Summaries give users more information about what the publication or page contains. They appear directly under the title on the page and help users decide if they want to read on.
- be in plain language and using terms and phrases that users are likely to use
- be fewer than 160 characters including spaces
- be frontloaded with the most important information first
- include the geography and the period that the data cover
- have any abbreviations written out in full
- be sentence case and include a full stop at the end
The summary can be the same as the meta description (as long as it is not longer than 160 characters).
Bulletins are our main output for providing new analysis and data to the public. It is important that summaries are clear, concise and frontloaded to engage as many people as possible. Use plain language and avoid including technical jargon.
Avoid using phrases like “This bulletin covers…” as it delays users getting to the main information. The summary should not be used to provide a definition of a topic, as we have a Glossary section for that.
Labour market overview, UK: May 2019
Estimates of employment, unemployment, economic inactivity and other employment-related statistics for the UK.
More detailed guidance on bulletin summaries is available.
Articles can be used to provide analysis or information on a range of topics. We have identified seven different types of articles on the ONS website and so the article summary is important for helping users understand more about what the article covers.
The summary should begin with the most important information and avoid phrases like “This article is going to show…” or “An analytical article on…”.
Let users know if the article contains Experimental Statistics by including a sentence at the end with “Experimental Statistics” in brackets. Any technical terms can be explained in the article or included in the keywords.

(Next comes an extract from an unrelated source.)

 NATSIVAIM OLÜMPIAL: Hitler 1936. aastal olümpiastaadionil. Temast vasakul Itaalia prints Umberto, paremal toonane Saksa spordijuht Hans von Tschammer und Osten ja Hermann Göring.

Earnings and employment for disabled and non-disabled people in the UK, raw disability pay gaps and factors that affect pay for disabled people.

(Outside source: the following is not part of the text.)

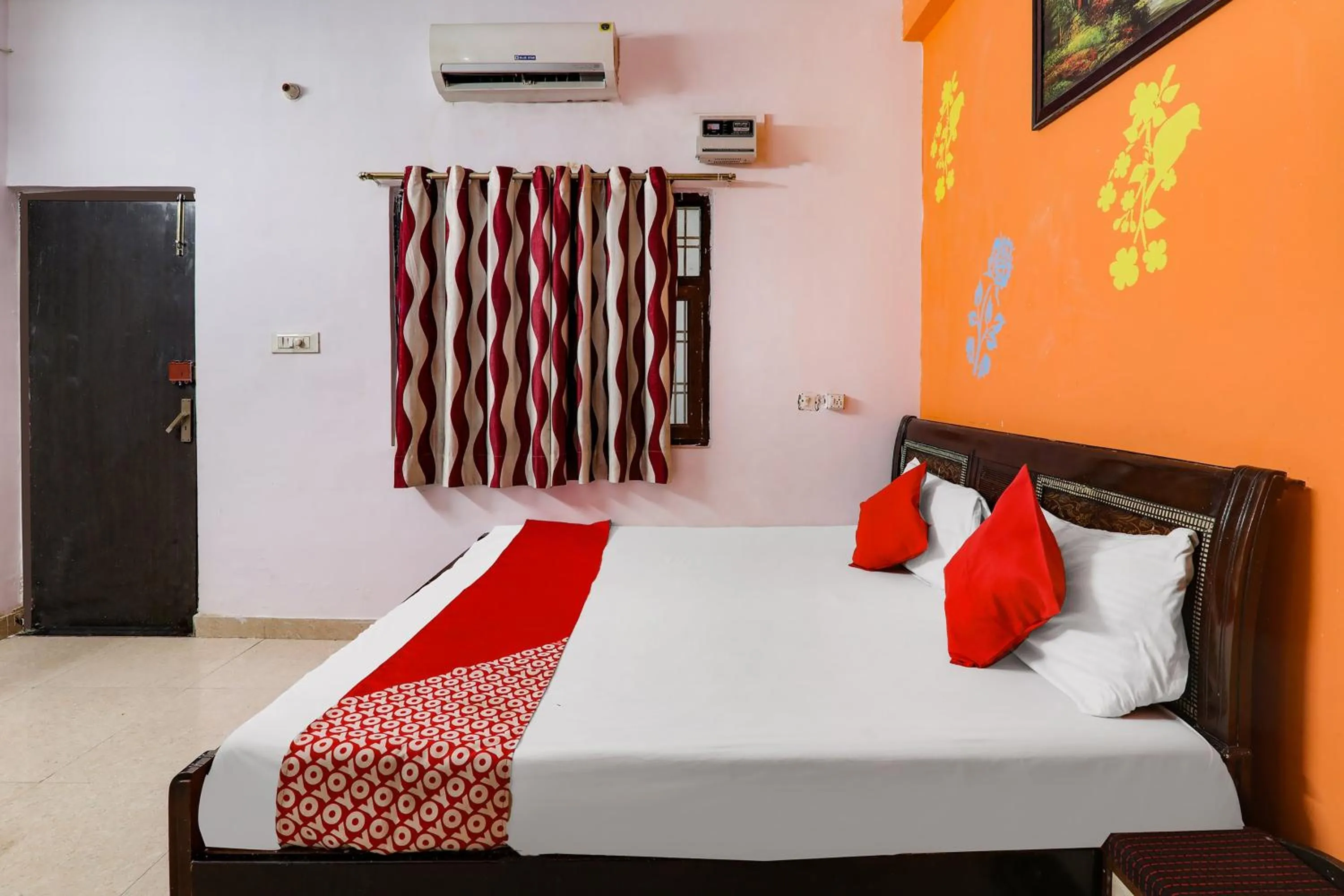 Bedroom, Bed in Hotel O by OYO Alpine Home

Annual progress update on our transformation of population, migration and social statistics.
More detailed guidance on article summaries is available.
The “About this dataset” section of a dataset page provides users with a brief summary of what they can expect to find in the Excel downloads.
This summary should be clear, concise and frontloaded. It should contain the geographical coverage (if it is not already in the title) and the frequency of the data (for example, annual, quarterly, monthly).
Annual burglary data from the Crime Survey for England and Wales (CSEW). Data include when incidents happened, information about offenders, the victim’s perception of the incident, and what items were stolen.